Addicted (The Addicted Series, #1)(80)
"Yeah? Well being an * is in my DNA. I've been an * to every woman I've ever been with, and done more harm than good my entire life. If I hooked up with Krystal the way I wanted to, I'd just do to her what Johnathan Castelbon did to my mother and to me. I may be an *, but I do have my limits. I'll save her that pain if I can."
Kim sighed and stood up, going over to her computer. She tapped a power switch on her screen, and minimized what she was doing with her main program, sending it off to one of the other three screens, which went black. "I think it's time you learned this. Come over here."
Chapter 12
Krystal
"Allez Cuisine!"
Marc Dacascos was a lot smaller than I thought he would be, and his acting was hammy enough I could understand why he never really got much traction with his movie career past B movies and kung fu flicks. Still, with the clock starting, I put it all out of my mind, and sprinted up to the stage with Shannon. My first job was to help her get at least a few pounds of ground lamb, while she got the ground beef. It was a hamburger battle, and I was worried. For all of Shannon's skill and the Alinea team's abilities, ground meat was perhaps the weakest of our chances against the Iron Chef.
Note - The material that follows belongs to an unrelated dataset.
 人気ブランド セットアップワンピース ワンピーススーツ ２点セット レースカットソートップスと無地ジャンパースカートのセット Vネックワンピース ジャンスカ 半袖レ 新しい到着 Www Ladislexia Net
Hell, the man owned a hamburger restaurant that was named the best in New York according to the Zagat guide!
"Get back, get that tartare going," Shannon said as I scooped my second double handful of ground lamb into my bowl. I could hear the tension in her voice, and I knew she was thinking the same thing I was. With one of the rules being that we had to have a gourmet hamburger up in front of the judges within the first twenty minutes, we were in trouble.
I got back to my station and scooped out the meat for my tartare, setting it aside to combine with the other ingredients later. Then I rushed over to the produce area of the stage, getting mint, lime, lemons, capers, shallots, and Shannon's secret, gherkin pickles. Shannon would add quail eggs later on top when they were on the plates.
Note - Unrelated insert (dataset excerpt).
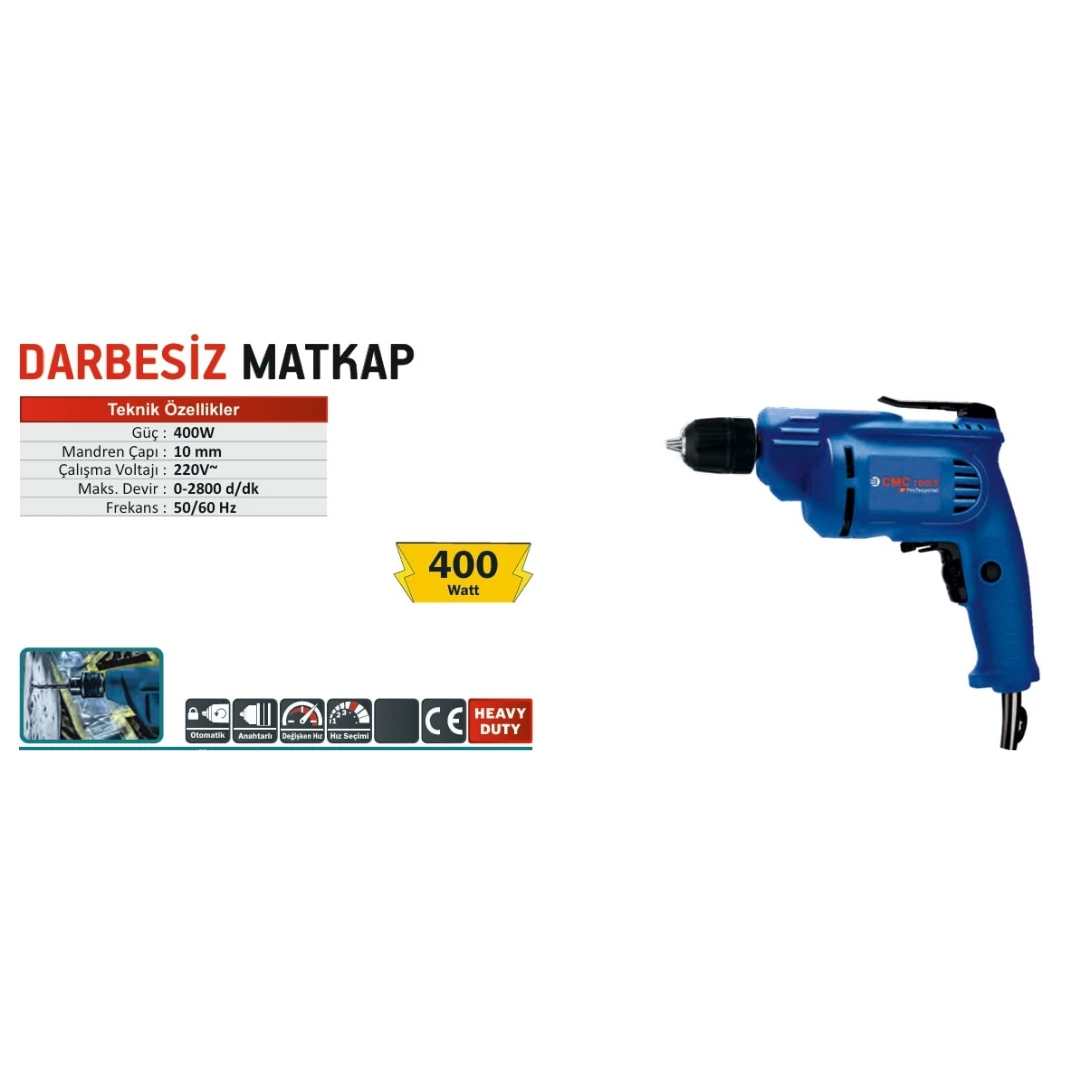 DARBESİZ MATKAP 10MM 400W CMC 3907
One of the key differences between fine dining and home cooking is in your cuts. Your average home cook, when they read chop, starts going to town like a killer in a slasher film, often with as big a knife as their cutting board allows. While it's a lot of fun and gets the work done seemingly quickly, the result is inconsistent cuts, pieces of all different sizes, and tastes that vary.
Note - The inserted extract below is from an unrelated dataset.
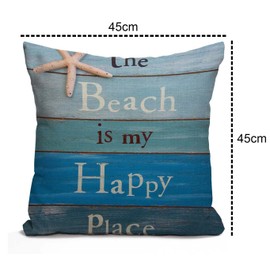 Tomda Cushion Cover The Beach Starfish and Summer is My Happy Place Rhinestone Decorative Throw Pillow Cover Home Decor Square 45x45cm 18x18 Inch Pillowcases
A professional chef, on the other hand, cuts precisely, and knows exactly what chopped means. It's an actual measurement, with the industry standard being half inch pieces.
A fine chop, which I was doing, is quarter inch pieces. A mince is finer than that. You get the point. Also, we use just the right sized knife for the job. Since I was cutting mint, shallots, and other things like that, I worked with a small knife, not much larger than a paring knife, getting my cuts exactly what they needed to be.
I worked quickly before sautéing the shallots in butter. While a tartare is normally a raw dish, raw shallots or onions can be a bit abrasive for a lot of people. By cooking the shallots through, it added a nice hint of sweetness while still keeping the texture. Once those cooled, I mixed it all together, massaging the whole mass together into something that would be an awesome meatball if I cooked it. By adding the pickles though, it would be somewhere between a tartare and a ceviche, which is what Shannon wanted. I threw the whole bowl into the fridge to keep it cool while we moved on. "Chef! Clear!"
"Get over here then!" Shannon yelled, and I was on to my next assignment.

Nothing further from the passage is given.